I am in my mid-50s and self-employed, and had a heart attack last year. Fortunately, the heart-attack treatment was covered under Obamacare. I continue to pay for Obamacare, but given that it’s a new year, I am concerned that my follow-up treatment won’t be covered until my $6,500 deductible is reached. I currently don’t have the finances to cover the follow-up treatment: Is it unethical to get it and hope to find a way to pay for it later? Name Withheld

My response: You ask what’s ethical. Since everyone has different values, you’ll just get a label that not everyone agrees on. I suggest you want not a label but a practical plan to resolve your situation as best you can by your values and the values of others affected as best you can tell using empathy and projecting possible outcomes.

The New York Times response:

Situations like yours are among the great moral crises of our society. Why, in a prosperous society, should anyone have to choose between what is clearly necessary medical treatment and a debt they can’t afford? Decent doctors and hospitals will allow you to set up a payment plan, but that may not be affordable, either, given your income. If it isn’t, get the treatment you need and then make a plan. The wrong here is your being in this situation, not your getting medical care to which you’re morally entitled.


I grew up in a typical small town in the South that enshrined the Civil War with a statue of a Confederate soldier beside the courthouse. A childhood friend, who became a professional artist of some note, painted a picture of the courthouse, which my mother bought for me as a gift because of my connection to the artist.
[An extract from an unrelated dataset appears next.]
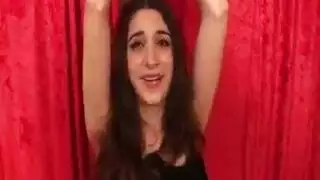 فتاة بالكاد قانونية تتفاجئ بالقذف الداخلي سرّ خيال التلقيح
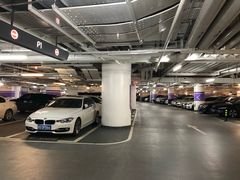 -兴业太古汇·停车场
The picture has been hanging in my home since the 1970s. It is a lovely watercolor perfectly in tune with the décor of the guest bedroom where it now hangs. The Confederate statue is not a prominent focal point in the impressionistic painting. I had never paid much attention to it until the current uproar over the actual statues caused me — a raging white liberal on issues of civil rights — to do soul-searching about whether I wish to give such a symbol any space in my home. I am torn, of course, between keeping a gift from my beloved deceased mother that few will ever see besides me and my family and taking it down. I have been polling several of my friends (all white liberals like me) about whether the picture should continue to hang or be “toppled.” Unanimously, they have urged me to “keep it up.” Hoping to get more clarity, I’m writing to get your opinion. Name withheld

My response: I can’t help but break from offering advice to offer two posts on visiting my friend’s grandparents’ house for a vacation to find pictures of the grandfather in Nazi uniform from his youth as an Austrian soldier during the second world war.

Here is the first post, You don’t know your values until you test them. And the second, You don’t know your values until you test them, part 2. The posts may not give you the opinion you’re looking for, but will give an alternative view.

The New York Times response:

I agree with your friends. The picture’s meaning for you has nothing to do with supporting white supremacy. At the same time, it does no harm to be reminded that we live in a country full of such pro-Confederate legacies — a country full of small town squares that harbor those statues. That’s one reason I’m not so keen on taking down the statues (or your picture). People should know that the South went to war in order to preserve slavery and then put up Confederate memorials in order to celebrate or obfuscate that legacy a couple of generations later. For those who realize, as you and I do, why the statues were put there, they’re doing us the service of preserving a past that explains too much of the present.